Sport’s HistoryBut I won’t argue that it isn’t different. Whether fact or fiction, it seems like there were more characters, in front of and behind the pen, back in the day. And maybe the times did let a writer express himself more confidently, without fear of disapproval by an editor or the fans. There were no comment sections or message boards back then, so that must have been a treat. And maybe the newsrooms were different than the soul-crushing modern-day cube farms that are prevalent in our offices, and any other data farm, these days. That definitely can’t help.

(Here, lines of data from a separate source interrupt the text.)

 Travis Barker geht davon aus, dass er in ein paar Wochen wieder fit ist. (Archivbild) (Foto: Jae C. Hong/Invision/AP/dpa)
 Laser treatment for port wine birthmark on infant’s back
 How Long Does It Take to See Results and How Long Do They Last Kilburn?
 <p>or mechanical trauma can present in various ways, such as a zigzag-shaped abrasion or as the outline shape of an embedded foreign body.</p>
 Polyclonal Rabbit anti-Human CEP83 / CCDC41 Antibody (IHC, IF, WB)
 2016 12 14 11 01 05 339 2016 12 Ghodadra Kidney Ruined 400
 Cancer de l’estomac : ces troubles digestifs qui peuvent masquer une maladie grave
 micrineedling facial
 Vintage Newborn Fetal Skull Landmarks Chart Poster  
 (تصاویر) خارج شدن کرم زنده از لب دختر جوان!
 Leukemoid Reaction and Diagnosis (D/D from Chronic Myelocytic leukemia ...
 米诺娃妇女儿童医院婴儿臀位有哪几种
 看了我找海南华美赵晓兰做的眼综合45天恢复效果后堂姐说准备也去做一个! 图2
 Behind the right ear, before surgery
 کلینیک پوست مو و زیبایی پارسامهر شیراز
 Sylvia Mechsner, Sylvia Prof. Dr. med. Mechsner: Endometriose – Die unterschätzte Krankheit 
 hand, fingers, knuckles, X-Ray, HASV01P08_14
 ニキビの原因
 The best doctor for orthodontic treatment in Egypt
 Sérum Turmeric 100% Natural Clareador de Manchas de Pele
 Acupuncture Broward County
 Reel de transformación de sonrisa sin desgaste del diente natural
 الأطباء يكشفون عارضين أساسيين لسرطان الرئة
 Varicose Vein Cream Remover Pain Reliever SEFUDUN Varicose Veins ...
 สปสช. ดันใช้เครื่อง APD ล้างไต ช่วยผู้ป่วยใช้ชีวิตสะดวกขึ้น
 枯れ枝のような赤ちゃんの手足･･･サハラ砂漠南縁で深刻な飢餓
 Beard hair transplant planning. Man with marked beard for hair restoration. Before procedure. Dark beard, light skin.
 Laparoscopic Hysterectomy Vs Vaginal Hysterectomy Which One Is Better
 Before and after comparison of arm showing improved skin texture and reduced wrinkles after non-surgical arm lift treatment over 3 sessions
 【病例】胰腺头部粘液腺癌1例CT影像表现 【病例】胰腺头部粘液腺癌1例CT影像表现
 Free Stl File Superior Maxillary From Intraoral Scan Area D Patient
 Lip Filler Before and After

And, one could say the inherent nature of the Internet itself has changed sports writing – not only in its delivery, and speed – but maybe into an altogether blander format. Like that time your buddy forgot to add enough spice to the first batch at the crawfish boil. A boon is that the Internet can push one’s writings to a national audience, but, on the other hand, it can change the mindset of the writer from local to national. So, gone are the days of reading and writing with a city’s “blinkers” on. Now, a Saints story is read (and commented upon) in a McDonald’s in Des Moines as quickly as it is read in a coffee shop on Royal Street. It’s just different.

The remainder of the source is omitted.